Have the monsoon rains finally arrived? The days get hotter, and the relief that monsoon rains are supposed to bring seems to be absent. In the afternoons, or late at night, when the heat oppresses and the mind wants to wander, or, perchance, if there is the din of rain on roofs, and the world has come to a standstill, nothing beats a few immersive hours spent with a good book. Here are my recommendations:
A Suitable Boy by Vikram Seth: Yes, the novel is long—very long—but it is still one of the most enjoyable books to read on a rainy afternoon. The canvas is broad, the era is evoked with just the correct tint of nostalgia, and the characters are witty, lusty, and vivid. Seth’s love story set in the early years of the Indian republic is impressively successful in painting a picture of the world where it takes place: the heat and rain and cold fog of the fictional city of Brahmpur, perhaps somewhere closer to Kolkata than to Delhi. At nearly 600,000 words, the reader will be lost in a unique world for weeks of the monsoon.
Life and Death are Wearing Me Out by Mo Yan: A kindly land-owning farmer is killed during the Maoist revolution in China, and begs Yama, the Lord of Death, to allow him to be reborn in his own family, so that he can take care of unfinished business. Thus begins the bizarre story in Life and Death are Wearing Me Out, until many successive births have been undergone, as an ass, a bull, a boar, etc. Mo Yan’s ability to satirize the politics of China, from the years of the Maoist uprising and through the harsh years of the cultural revolution and the famine, all the while telling a story that is pretty damn hilarious, will make the reader seek out even more books by this Nobel laureate.

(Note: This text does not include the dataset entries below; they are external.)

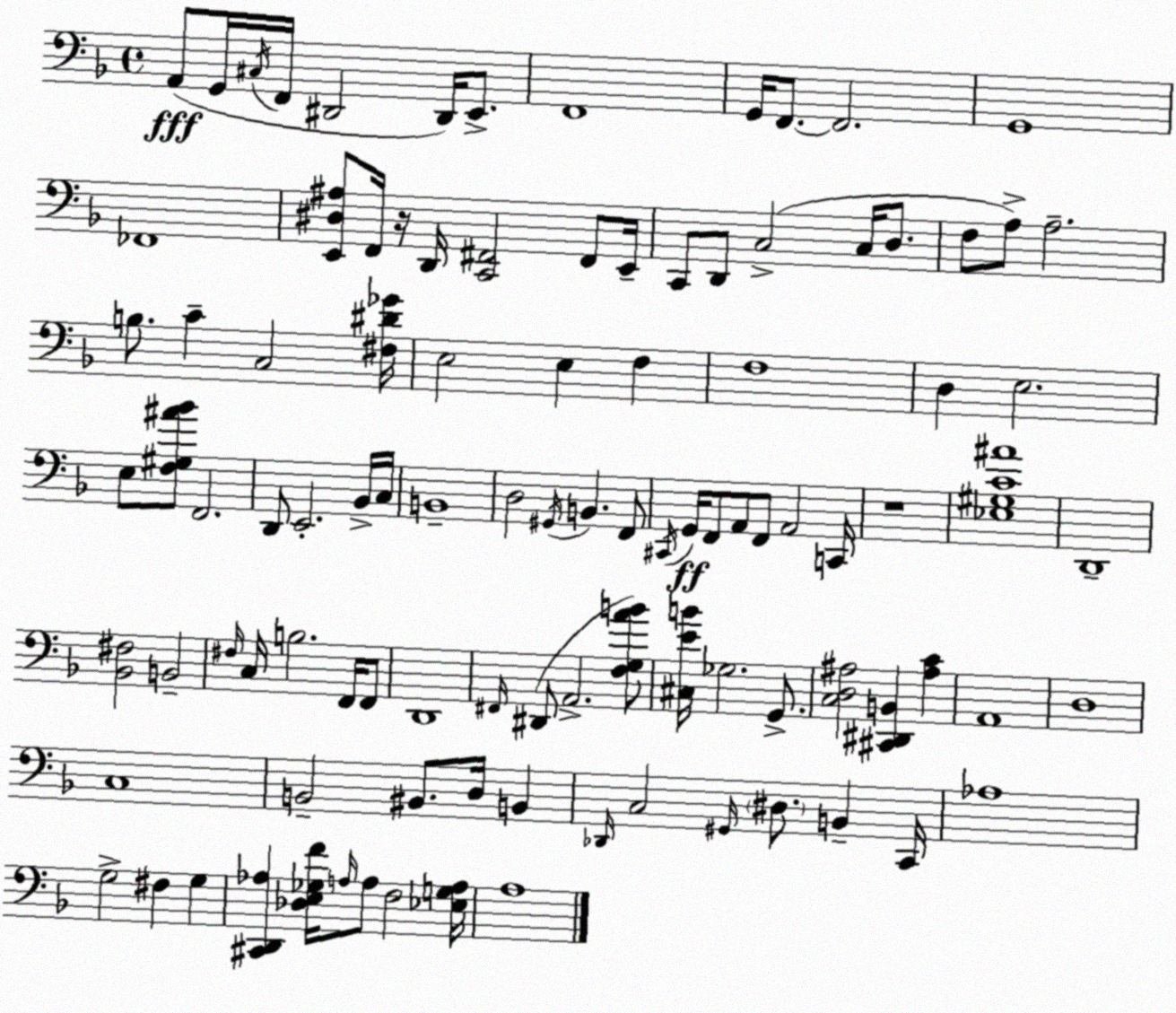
X:1
T:Untitled
M:4/4
L:1/4
K:F
A,,/2 G,,/4 ^C,/4 F,,/4 ^D,,2 ^D,,/4 E,,/2 F,,4 G,,/4 F,,/2 F,,2 G,,4 _F,,4 [E,,^D,^A,]/2 F,,/4 z/4 D,,/4 [C,,^F,,]2 ^F,,/2 E,,/4 C,,/2 D,,/2 C,2 C,/4 D,/2 F,/2 A,/2 A,2 B,/2 C C,2 [^F,^D_G]/4 E,2 E, F, F,4 D, E,2 E,/2 [F,^G,^A_B]/2 F,,2 D,,/2 E,,2 _B,,/4 C,/4 B,,4 D,2 ^G,,/4 B,, F,,/2 ^C,,/4 G,,/4 F,,/2 A,,/2 F,,/2 A,,2 C,,/4 z4 [_E,^G,C^A]4 D,,4 [_B,,^F,]2 B,,2 ^F,/4 C,/4 B,2 F,,/4 F,,/2 D,,4 ^F,,/4 ^D,,/2 A,,2 [F,G,AB]/2 [^C,EB]/4 _G,2 G,,/2 [C,D,^A,]2 [^C,,^D,,B,,] [^A,C] A,,4 D,4 C,4 B,,2 ^B,,/2 D,/4 B,, _D,,/4 C,2 ^G,,/4 ^D,/2 B,, C,,/4 _A,4 G,2 ^F, G, [^C,,D,,_A,] [_D,E,_G,F]/4 A,/4 A,/2 F,2 [_E,G,A,]/4 A,4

Tales of Dunk and Egg by George R. R. Martin: Since all men must die, and since the long summer must end before winter comes, what better set of novellas than the Tales of Dunk and Egg to keep the GoT fan dreaming of the Seven Kingdoms through the monsoon months when there will be no new episodes of the show? This collection of three novellas charts the adventures of Ser Duncan the Tall (so poor, he has no provenance, and therefore must pledge his sword to any lord who will have him) and his trusty young squire Egg. The events in these novellas take place a hundred years before Ned Stark gets his head cut off; the squire Egg grows up to become King Aegon, fifth of his name, of the house of Targaryen. Like all GRRM stories, the novellas are a quick read, suitable for the hour or hour-and-half of torrential rain.

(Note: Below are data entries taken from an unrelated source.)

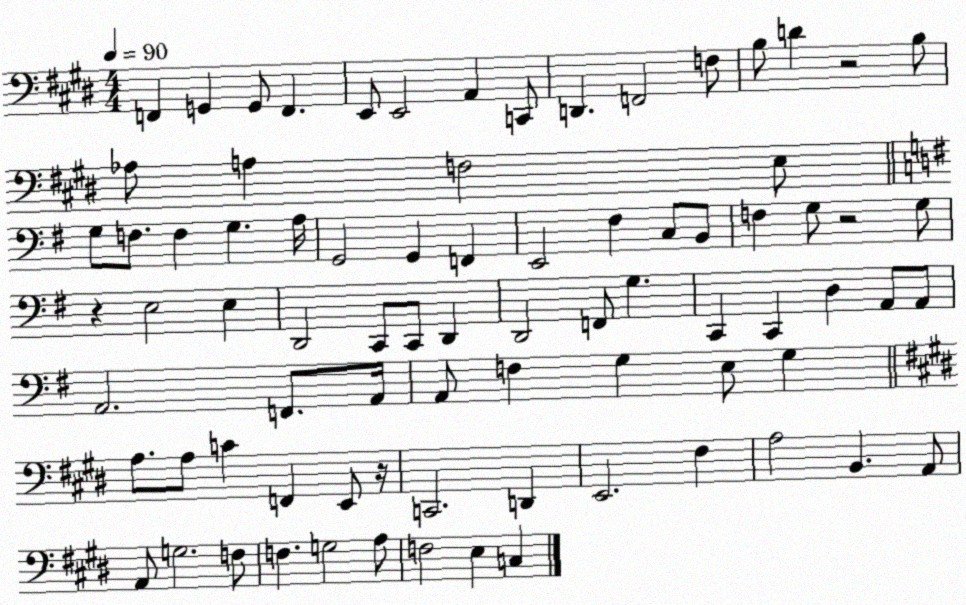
X:1
T:Untitled
M:4/4
L:1/4
K:E
F,, G,, G,,/2 F,, E,,/2 E,,2 A,, C,,/2 D,, F,,2 F,/2 B,/2 D z2 B,/2 _A,/2 A, F,2 E,/2 G,/2 F,/2 F, G, A,/4 G,,2 G,, F,, E,,2 ^F, C,/2 B,,/2 F, G,/2 z2 G,/2 z E,2 E, D,,2 C,,/2 C,,/2 D,, D,,2 F,,/2 G, C,, C,, D, A,,/2 A,,/2 A,,2 F,,/2 A,,/4 A,,/2 F, G, E,/2 G, A,/2 A,/2 C F,, E,,/2 z/4 C,,2 D,, E,,2 ^F, A,2 B,, A,,/2 A,,/2 G,2 F,/2 F, G,2 A,/2 F,2 E, C,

Return of a King by William Dalrymple: Afghanistan has always been overrun by ambitious empires around it, and no imperial power has ever managed to take and keep the country. What Kipling named ‘the great game’ of espionage and sabotage between the great imperial forces of the day, Great Britain and Russia, began in earnest in Afghanistan in the early decades of the 19th century. Dalrymple’s very well-researched and extremely readable book charts the disastrous war waged against Afghan tribes by the East India Company, and traces the relevance of the blunders made then to the war that is still going on. There are bits that show how wonderfully cosmopolitan the times were then, and there are bits that show how barbaric and wasteful the wars were for both sides. People who prefer their stories to be based on reality will fully enjoy this book!
All of Us in Our Own Lives by Manjushree Thapa: I haven’t yet had the time to sit down and finish this book from cover to cover, but, in all likelihood, I will have finished it by the time this list goes to print. Recommended because the book is a tapestry of Nepali lives, intersecting and interacting, and because it is Manjushree Thapa’s latest.
The King’s Harvest by Chetan Raj Shrestha: In a novella that is about 60 pages long, Chetan Raj Shrestha manages to write a most tender, heartfelt story of a wise idiot, a near-bodhisattwa named Tontem, who, along with his family, struggles with the elements to farm the land to raise grains for the king of Sikkim. It is a fable about man’s place among fellow men, as much as it is about man’s place in the natural world. For the lush green and the thick rain and the harvest of all conceivable herbs and grains, do read this novella on a monsoon morning.